Elizabeth O. Hiller (circa 1856 – August 14, 1941) was a prominent early twentieth-century American author of cookbooks and a professor of culinary arts.

==Career ==
Hiller attended the Pratt Institute, Brooklyn, and the Boston Cooking School, graduating in its class of 1898. She was later the principal of the Chicago Domestic Training School, which was located at 53 Dearborn Street in Chicago.

In 1905, The Women's Home Companion invited six leading cooking personalities to submit columns with their favorite recipes in a contest to select a new regular columnist. Hiller participated and lost to Fannie Farmer.

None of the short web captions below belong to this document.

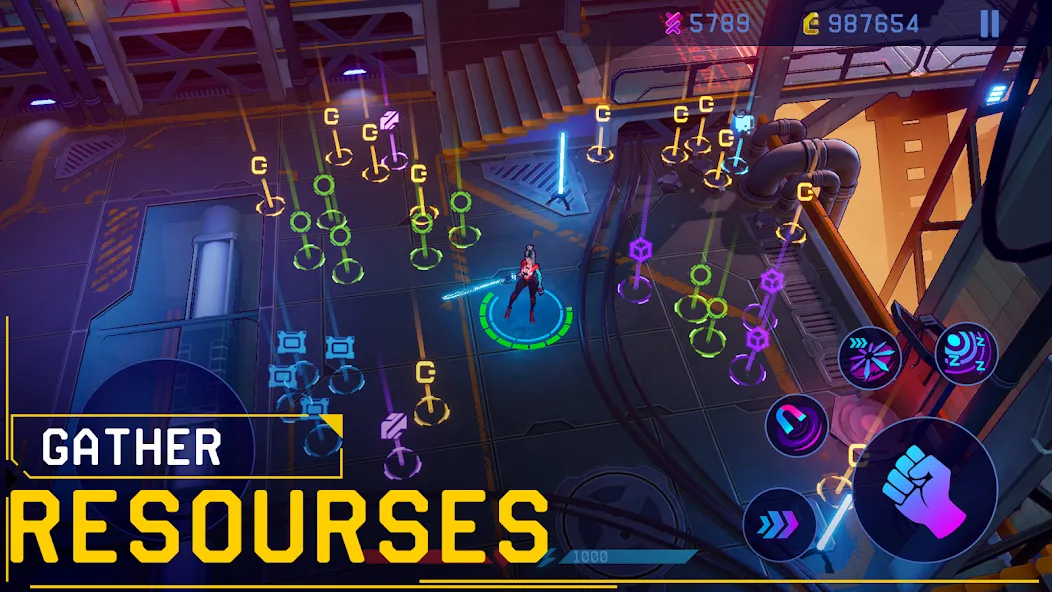 Rush Angel - Cyberpunk RPG (Раш Энджел) МОД/Взлом [Деньги, Монеты и Меню MOD] Screenshot 4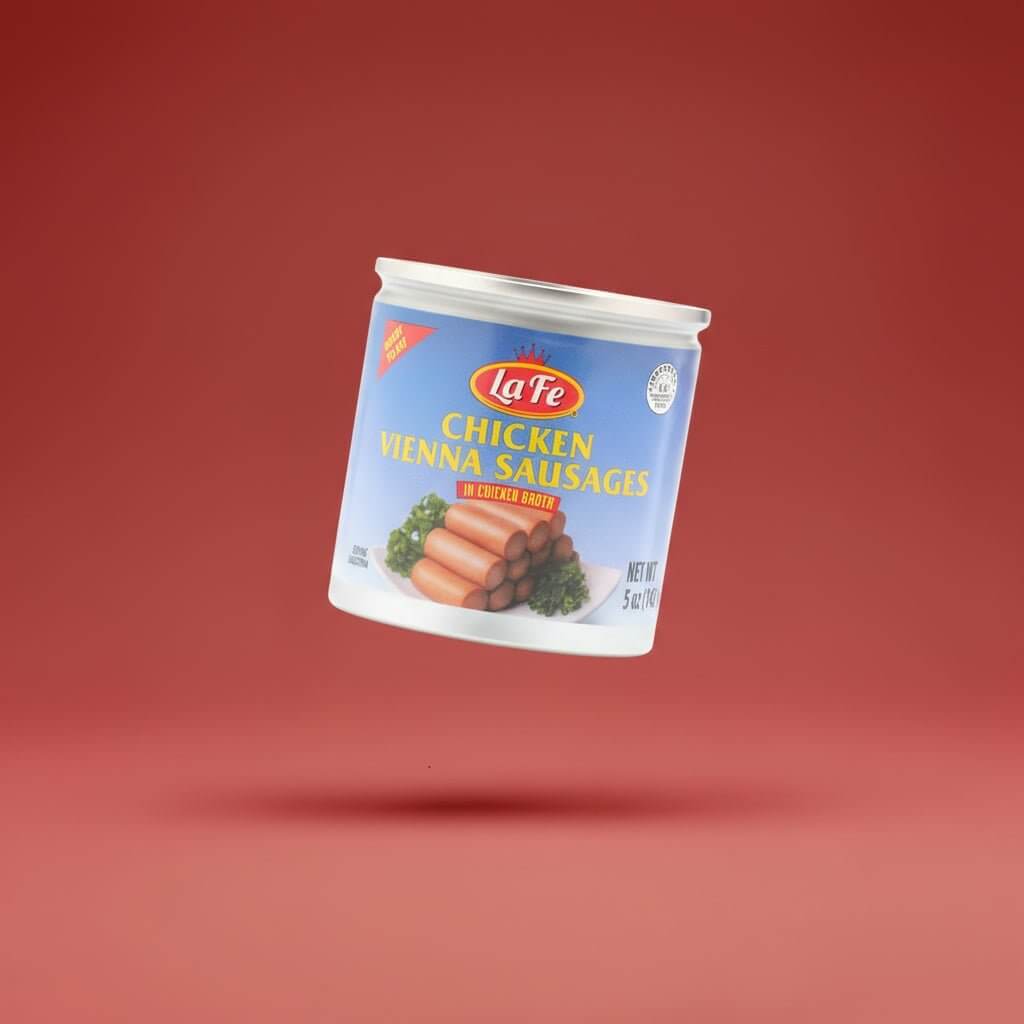 la fe chicken vienna sausage canned 4.6oz
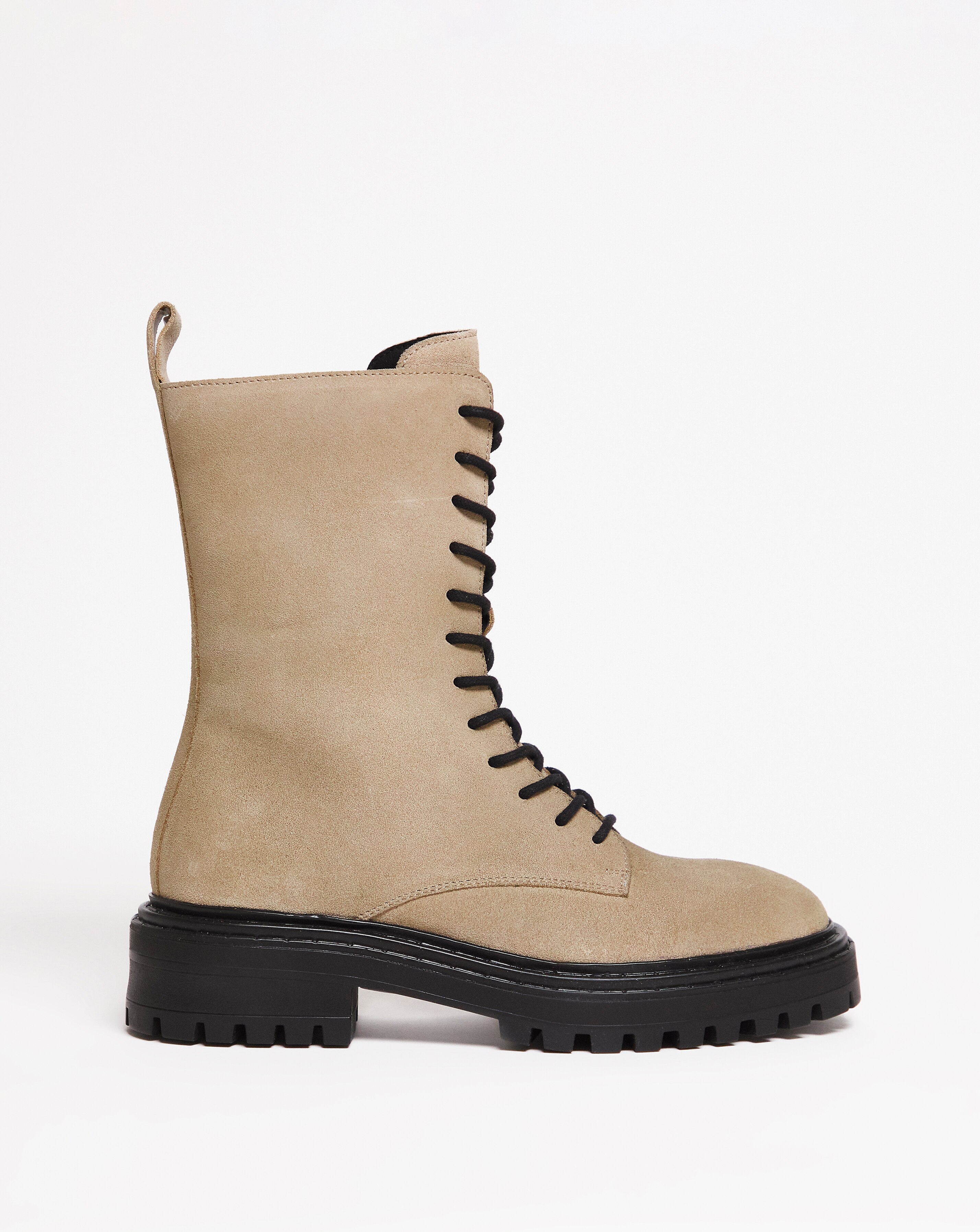 Suede Lace Up Boot - Extra Wide Fit (EEE)
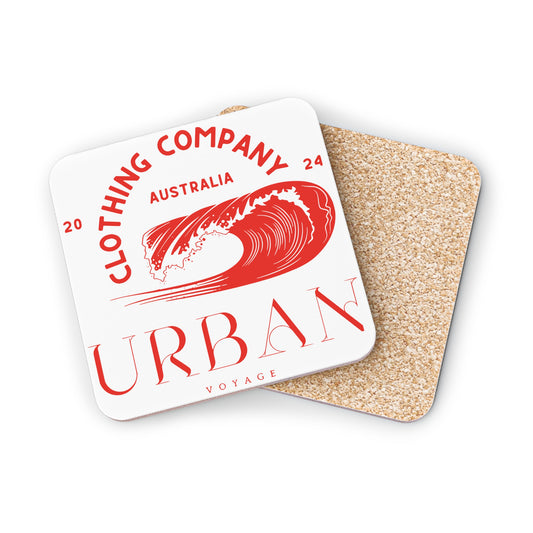 Urban Voyage Coloured Red Coasters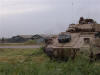 Hospital security provided by an M-2 Bradley from 4th Inf Div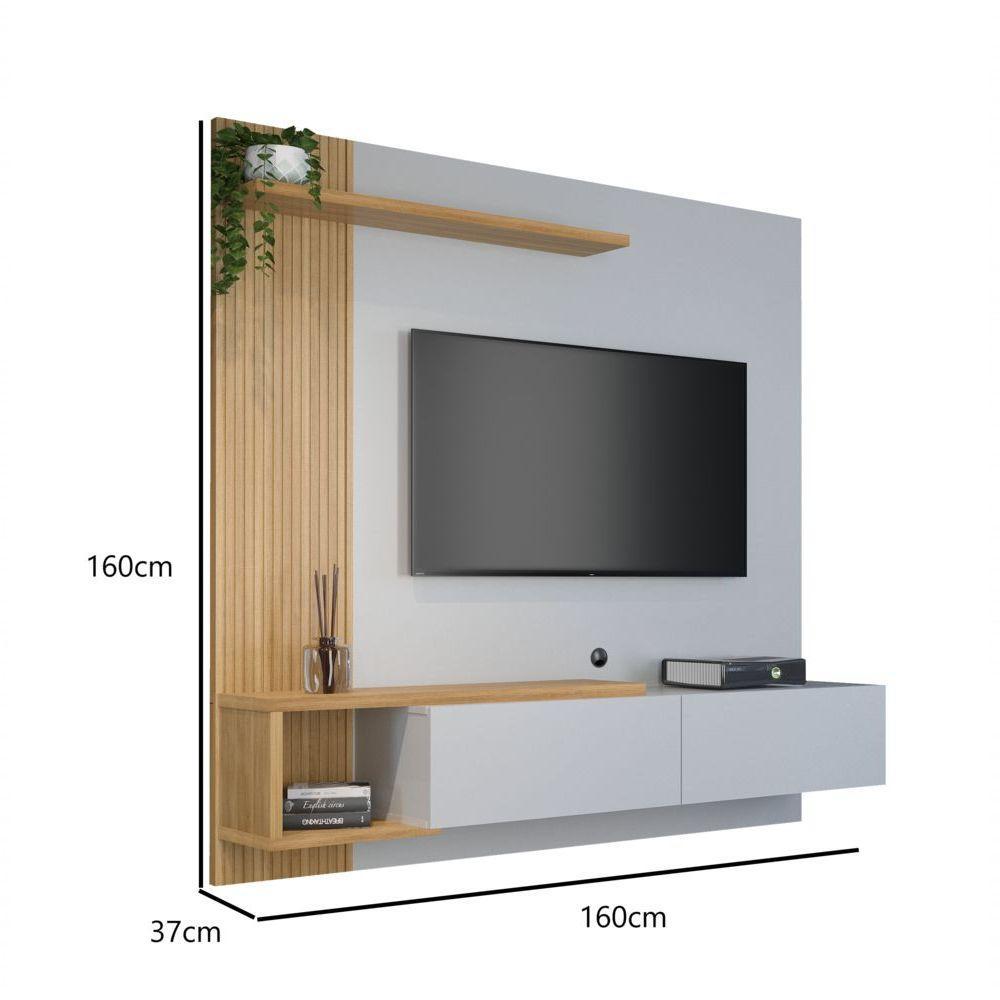 Home Suspenso Para Tvs Até 60" Off White/cinamomo - 3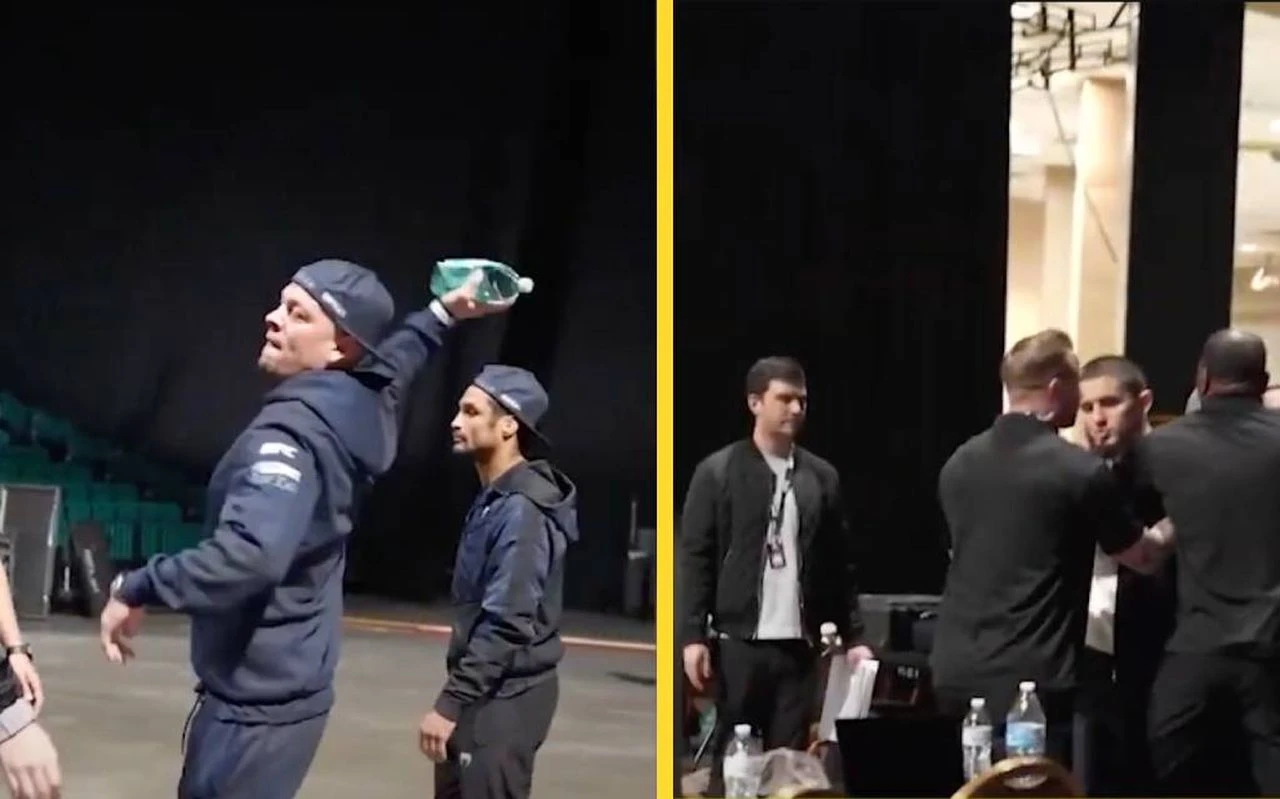 VIDEO I Nate Diaz voli sukobe, ali i gađanje bocama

She contributed a regular column to the magazine Chef, Steward and Housekeeper, and wrote recipes for the Chicago Tribune which were also published in other newspapers across the United States. She regularly lectured on culinary topics, at shows and expositions, to clubs and societies around the country, and on radio. Her recipe or menu calendars were still being published in the early 1930s.

Hiller participated in advertising for various products, including gas ranges and fruited cereal.

== Personal life ==
Hiller was married to Jackson Hiller. She died on 14 August 1941, aged 85, at the home of a daughter in Park Ridge, Illinois.

==Selected works ==
- Hiller, Elizabeth O. The Calendar of Cakes, Fillings and Frostings: Recipes of 365 Different Cakes and Cookies, As Well As Frostings and Fillings. Joliet, Ill: P. F. Volland Company.
- Hiller, Elizabeth O. Fifty-Two Sunday Dinners". Chicago: N. K. Fairbank Company, 1915.
- Hiller, Elizabeth O. The Calendar of Luncheons, with 52 Practical Sunday Evening Suppers. 365 Answers to the Daily Question: "What Shall We Have for Luncheon?". Chicago: P. F. Volland & Co, 1916.
- Hiller, Elizabeth O. The Calendar of Salads; 365 Answers to the Daily Question: "What Shall We Have for Salad?". New York: P. F. Volland Co, 1916.
- Hiller, Elizabeth O. The Calendar of Desserts: 365 Answers to the Daily Question : "What Shall We Have for Dessert.". New York: P. F. Volland & Co, 1916. .
- Hiller, Elizabeth O. The Corn Cook Book. Chicago: P. F. Volland Company, 1918. War edition.
- Hiller, Elizabeth O. Left-Over Foods and How to Use Them, With Suggestions Regarding the Preservation of Foods in the Home. 1910.
- Hiller, Elizabeth O. New Dinners for All Occasions: With Instructions for Formal and Informal Dinner Service. Joliet, Ill: P. F. Volland, 1920.
- Hiller, Elizabeth O. The New Calendar of Salads; 365 Answers to the Daily Question: "What Shall We Have for Salad?". Joliet: P. F. Volland Co, 192?. .
- Hiller, Elizabeth O. Your Daily Kitchen Companion. Learn a Little, Save a Little Every Day. Chicago: P.F. Volland Company, 1918.